Wednesday, July 24, 2013

Growing up in Wars

       A ten year old boy had spent half of the day watching his father duct taping all the windows, vents and doors in the house. Imagine same kid, in the night being approached by his mom only to be guided in the use of chemical gas mask. He naturally anticipated many answers before the usual bed time stories that day.

This was first gulf war of 1991 and I was fresh in my 5th class at school. Dad tried to explain how Iraq had invaded Kuwait and now Saudi Arabia was the next stop for Saddam’s marching forces. We lived in the farther most corner of the Arabian Peninsula, but still Jeddah was well within the range of Iraqi missiles. I was told that Saddam has chemical bombs which can give a person seriously bad cough. Very next day “the cough bomb” was well elaborated by our science teacher at school. He metaphorically compared melting candle wax to human bodies upon exposure to the fumes of this bomb.

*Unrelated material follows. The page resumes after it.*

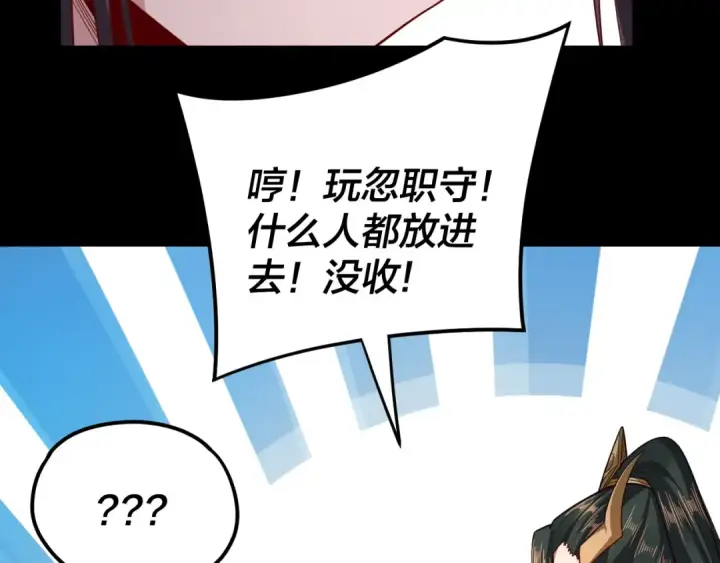 漫画《我！天命大反派》第116话 师娘？师姑？第68张图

 I was not too young to not contemplate the dynamics facing us, in the wake of this war phenomenon. Suddenly we could see torches, candles, water filters, storage tanks and battery lights, popping up in every bazar and stores we went to in the following days.

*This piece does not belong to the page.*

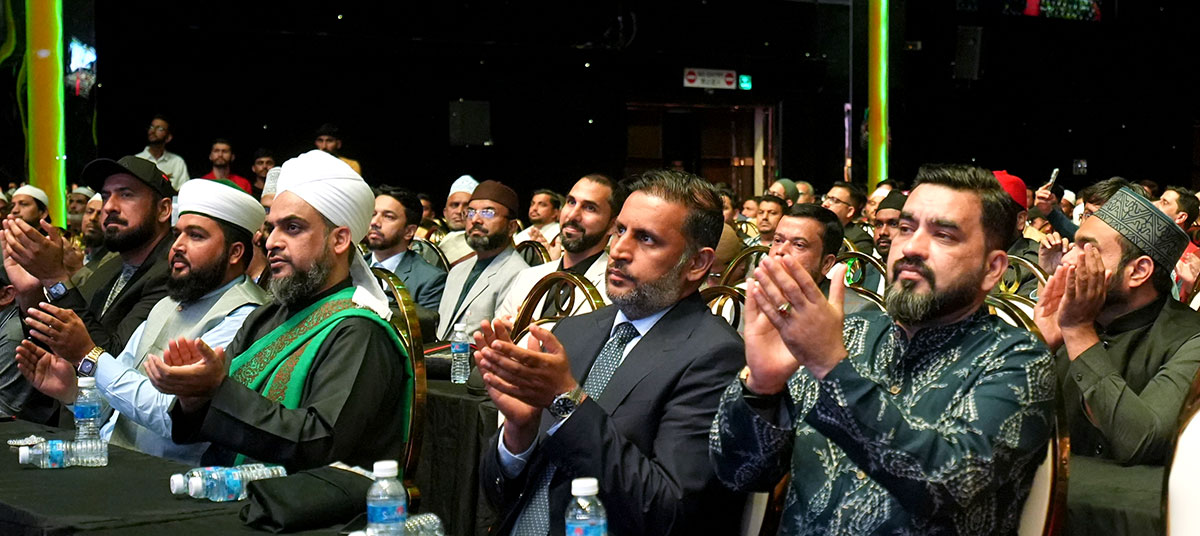 Dr Tahir ul Qadri addressing Seerat un Nabi Conference in Kuala-Lumpur Malaysia 2024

The grim horrors of war were further explained by friends, family, relatives and were essentially the talk of the town. Suddenly cars with Kuwaiti number plates started showing up on streets, and there came the refugees. People from Dammam, Bahrain, Riyadh all made it to my city. We could feel the population swelling up the local districts. Sirens made their first test runs, and city exercised a complete blackout.
History remembers first gulf war of 1991 as the first military campaign in the human history with Live television coverage from the battle ground. CNN would be re-telecasted live from the national TV channel of Saudi Arabia every night between 9 to 12. I have many a tales from my first ever war to tell, but I want to take you back to the first day.

 Watching dad covering all windows and doors with duct tape was essentially like seeing the most natural instincts of survival at play. The son of Adam, the receiver of survival instincts from his ancestors, here was taking steps to protect his family. But again I want you to imagine how a mother would have approached her son and talked about some basic safety measures.

I remember mom saying, that If there was a bomb dropped closed to the house or upon us, she insisted we try to run away from the impact zone. Fire or rubble whatever that we are faced with, she said don’t lose nerves. Look for your brother first. Even if you don’t see your parents just don’t stay, go as far away from the bomb site as you can. We will meet again, InshAllah. These words echo in my head to this day. Most important than the words, I clearly can recall the concern and pain in their voices. The most agonizing experience of this entire war was the first look on her face and the volumes her expressions spoke.
Wars are life altering experiences. I lived through my first ever war in the most luxurious and wealthiest of all nations on the earth. Money can buy anything, and so the Saudis literally paid the world super power to protect itself. US troops averted all the aerial and ground dangers the Peninsula was faced with. There was not a single bomb dropped in Jeddah, nor any Saddam’s fighter pilots made it to Hijaz. Throughout the war, the constant fear of never being able to meet school friends again, was enough tragedy for a 10 year old.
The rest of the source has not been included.